Чакма была превосходной слушательницей, потому что для нее все было в новинку. Она, затаив дыхание, слушала и про кино, и про ресторан, потом, осмелев, задала какой-то вопрос, который подсказал Натти новые темы, и вскоре разговор вылился в широкое русло международных проблем и, в частности, отношений между Западом и Востоком (которые оба находились на севере).
— Угощайтесь! — крикнул с дерева сосед Бабуин и бросил им два банана.
Это было кстати, потому что время завтрака давно прошло и приближалось время обеда.
— Мы как в ресторане, — сказала Чакма, надкусывая банан.
Ей было хорошо сидеть с этим человеком, еще недавно «совсем незнакомым, а сейчас таким знакомым, что просто невозможно и выразить. И она сидела, и не спешила уходить, и радовалась, что он тоже никуда не торопится. И представляла Чакма, как они сидят с ним вдвоем где-то там, в его ресторане, и смотрят телевизор — такой ящик, в котором показывают разные чудеса.
— Повсюду улицы, — сказал репортер, — тротуары… Киоски с газированной водой…
— Как хорошо! — тихонько вздохнула Чакма.

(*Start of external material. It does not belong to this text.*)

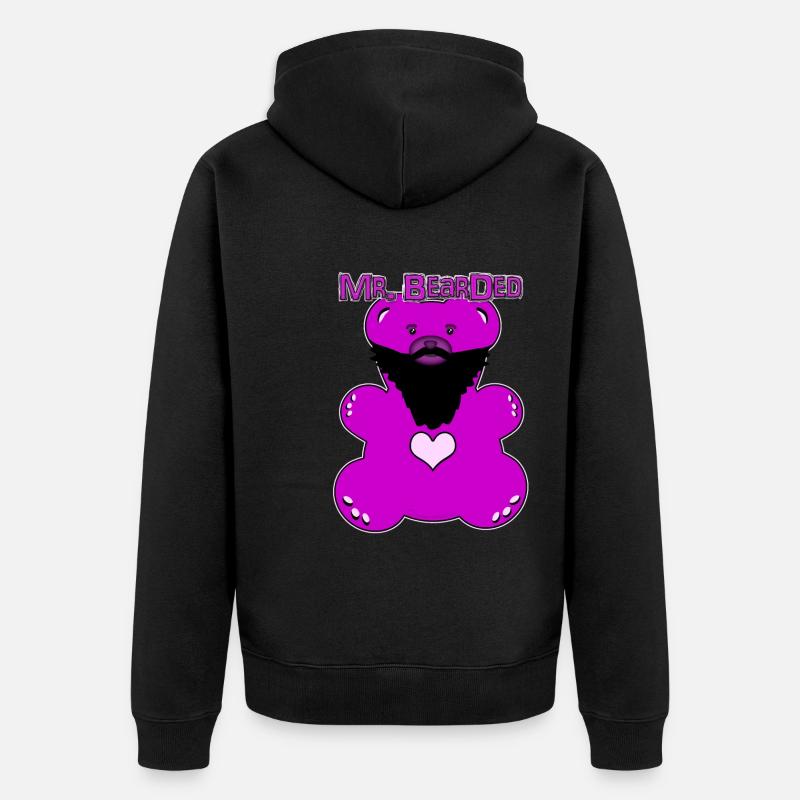 M. Bearded - Veste à capuche bio Premium Unisexe - noir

Натти Бумпо рассказывал о городе Роттердаме, где ему однажды пришлось побывать. Потом, по ассоциации, он заговорил о художнике Рембрандте, жившем в городе Амстердаме, и о Ван Гоге, жившем не в Амстердаме, но тоже художнике. От Ван Гога он перешел к Вану Клиберну, уже не художнику, а музыканту из штата Луизиана, затем еще к кому-то, не музыканту, но тоже из этого штата. От Александрии в штате Луизиана он перешел к Александрии в штате Вирджиния, затем к Александрии европейской, Александрии африканской и Александрии австралийской. И так, за короткое время, он набросал общую картину земли и проживающего на ней человечества.

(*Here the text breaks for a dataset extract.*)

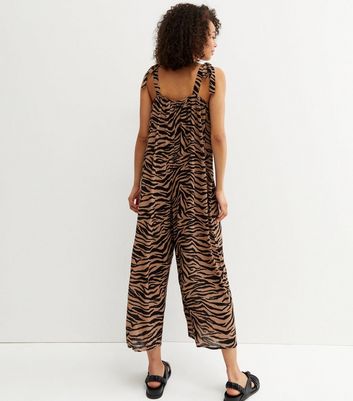 New look cheap animal print jumpsuit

Под грузом всех этих Александрии сосед Бабуин свалился на землю вместо банана. Он извинился, спросил, а почему, собственно, так одинаково называются такие разные города, и, не получив вразумительного ответа, полез обратно на дерево.
— Что же касается способности человека одним усилием воли влиять на радиоактивный распад, — развивал репортер еще одну смежную проблему, — то профессор Шовен говорит по этому поводу следующее…

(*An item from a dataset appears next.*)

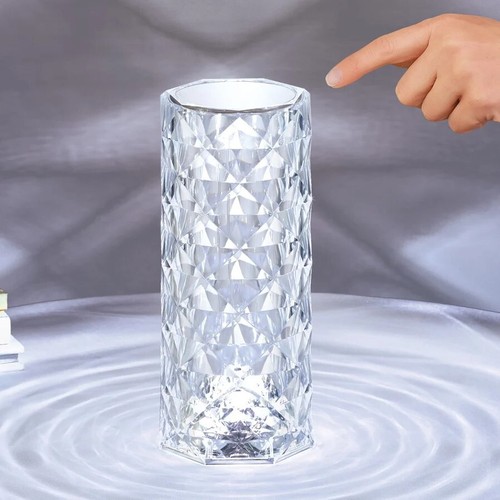 USB LED Crystal Table Lamp Diamond Night Light Color Changing Table Lamp REMOTE - Picture 4 of 10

Профессор Гамадрил так и не вернулся в тот день, и на следующий день он тоже не вернулся. Как выяснилось потом, он гостил где-то у дальнего родственника, в то время как его собственный гость был предоставлен чужим заботам. Это не было профессорской рассеянностью или бестактностью, как принято считать в цивилизованном мире, — просто профессор на минуту забыл о своем госте и вспомнил о родственнике, и в ту же минуту отправился к нему, чтобы вернуться через неделю.